In November of last year, many of the men from GPBC joined one another at a Men’s Retreat in Turner, Oregon. It was a rich time of fellowship and fun. To have had the opportunity to spend time studying and thinking of things that God had to say to us was a blessing for all. As I have thought about that time of relaxing and simply hanging out, I was struck by the unity displayed among this group of men and some of the experiences many shared with me and I know with one another.
The undergirding theme of the weekend was “love” and more specifically “love that issues from a pure heart and a good conscience and a sincere faith” (I Timothy 1:5, ESV). The unity manifest in this relatively small group does not happen naturally. It takes sacrifice and commitment, both of which run contrary to our human nature. Now if you are anything like me you’d probably agree that it is so much easier to love “me” than to love “you.” I had to confess to myself that I am afflicted with the terminal disease I call “I-I’tis”. (I hope none of you suffer the same thing!) In retrospect, I now think about what things or behaviors I manifest that impact that unity. And of course I have had to admit that at the heart of it is my “I-I’tis”.
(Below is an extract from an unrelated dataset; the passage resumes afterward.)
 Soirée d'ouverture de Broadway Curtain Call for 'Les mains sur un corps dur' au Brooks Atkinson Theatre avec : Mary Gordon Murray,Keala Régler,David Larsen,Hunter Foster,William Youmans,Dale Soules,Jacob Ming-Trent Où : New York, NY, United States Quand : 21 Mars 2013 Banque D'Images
Just a few days ago, while reading John 17, I saw something that had not stuck me as it did that day. This chapter in John is Jesus’s prayer for those that belong to Him and are submitting to Him (vs. 6). Jesus’ prayer was, in part, that we be “one.” He repeats it three times; verses 11, 21 and 22. Then in verse 23 I was really stricken by these words: “I in them and You in Me, that they may be perfected in unity, so that the world may know that You sent Me and loved them, even as You have loved Me.” This prompted me to think about His command from earlier in the book where Jesus said “A new commandment I give to you that you love one another; just as I have loved you, you also are to love one another. By this all men will know that you are My disciples, if you love one another” (John 13:34-35). Of course it made me ask myself; how do I love those who attend GPBC?
As I looked more carefully at John 17:21, it became pretty clear to me that it has to be by His indwelling life. This of course led to the question of how does His life manifest itself in me when I am so stricken by my “I-I’tis”. I was reminded again that it is a work that I am utterly inadequate to perform, but He is. So how then does His life and His love work its way through my disease. Not as simple as it may seem. If it is His work then what is my job? I was again reminded that I must turn to Him (II Corinthians 3:16), and He will deal with my disease. It is His work that brings about the change.
What is so remarkable about this is that when we turn to Him we are taking to heart His prayer for us. So, when we help one another turn to Him, we are in practice loving one another, and, as Jesus says, the world will notice. They will see something that cannot be explained in any other way than by Jesus. It is God at work. It is His Spirit that enables unity. We are called to “preserve the unity of the Spirit in the bond of peace” (Ephesians 4:3). My hope and prayer for this body of believers is that we strive to safeguard the unity we have in Him.